▶ Provided information

• • • •

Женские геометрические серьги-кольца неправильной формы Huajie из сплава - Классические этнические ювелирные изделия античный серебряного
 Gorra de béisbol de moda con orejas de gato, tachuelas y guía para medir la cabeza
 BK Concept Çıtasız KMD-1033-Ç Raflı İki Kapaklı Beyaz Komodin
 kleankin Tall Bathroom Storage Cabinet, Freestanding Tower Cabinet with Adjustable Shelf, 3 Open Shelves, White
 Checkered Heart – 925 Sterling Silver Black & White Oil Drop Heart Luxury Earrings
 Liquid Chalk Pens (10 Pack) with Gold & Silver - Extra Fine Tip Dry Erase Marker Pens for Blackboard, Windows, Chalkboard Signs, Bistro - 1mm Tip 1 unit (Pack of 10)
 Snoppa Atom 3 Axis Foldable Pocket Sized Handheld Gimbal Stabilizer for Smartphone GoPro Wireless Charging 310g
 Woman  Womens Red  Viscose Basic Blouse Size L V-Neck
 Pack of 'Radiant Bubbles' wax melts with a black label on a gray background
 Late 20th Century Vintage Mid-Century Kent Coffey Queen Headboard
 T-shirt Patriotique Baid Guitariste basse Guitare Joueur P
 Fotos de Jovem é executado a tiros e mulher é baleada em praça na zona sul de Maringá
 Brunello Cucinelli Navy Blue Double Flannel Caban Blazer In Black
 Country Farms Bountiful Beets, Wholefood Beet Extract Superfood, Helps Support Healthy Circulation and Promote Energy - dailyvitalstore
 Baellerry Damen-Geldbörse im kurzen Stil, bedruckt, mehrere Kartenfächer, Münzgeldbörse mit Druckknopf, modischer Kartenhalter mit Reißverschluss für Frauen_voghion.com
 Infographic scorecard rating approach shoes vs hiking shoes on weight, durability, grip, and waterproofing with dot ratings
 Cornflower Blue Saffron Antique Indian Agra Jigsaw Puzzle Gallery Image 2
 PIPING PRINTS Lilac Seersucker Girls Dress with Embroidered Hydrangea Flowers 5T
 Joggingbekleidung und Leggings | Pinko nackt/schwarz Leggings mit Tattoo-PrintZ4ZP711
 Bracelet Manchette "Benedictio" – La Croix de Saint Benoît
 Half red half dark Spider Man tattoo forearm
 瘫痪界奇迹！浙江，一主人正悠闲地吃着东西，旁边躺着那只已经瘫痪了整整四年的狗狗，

• • • •

▶ Task requirements
Quote, word for word, every line starting at the one that contains "Fotos de Jovem" and ending with the final line of the entries.

▶ Exercise solution
 Fotos de Jovem é executado a tiros e mulher é baleada em praça na zona sul de Maringá
 Brunello Cucinelli Navy Blue Double Flannel Caban Blazer In Black
 Country Farms Bountiful Beets, Wholefood Beet Extract Superfood, Helps Support Healthy Circulation and Promote Energy - dailyvitalstore
 Baellerry Damen-Geldbörse im kurzen Stil, bedruckt, mehrere Kartenfächer, Münzgeldbörse mit Druckknopf, modischer Kartenhalter mit Reißverschluss für Frauen_voghion.com
 Infographic scorecard rating approach shoes vs hiking shoes on weight, durability, grip, and waterproofing with dot ratings
 Cornflower Blue Saffron Antique Indian Agra Jigsaw Puzzle Gallery Image 2
 PIPING PRINTS Lilac Seersucker Girls Dress with Embroidered Hydrangea Flowers 5T
 Joggingbekleidung und Leggings | Pinko nackt/schwarz Leggings mit Tattoo-PrintZ4ZP711
 Bracelet Manchette "Benedictio" – La Croix de Saint Benoît
 Half red half dark Spider Man tattoo forearm
 瘫痪界奇迹！浙江，一主人正悠闲地吃着东西，旁边躺着那只已经瘫痪了整整四年的狗狗，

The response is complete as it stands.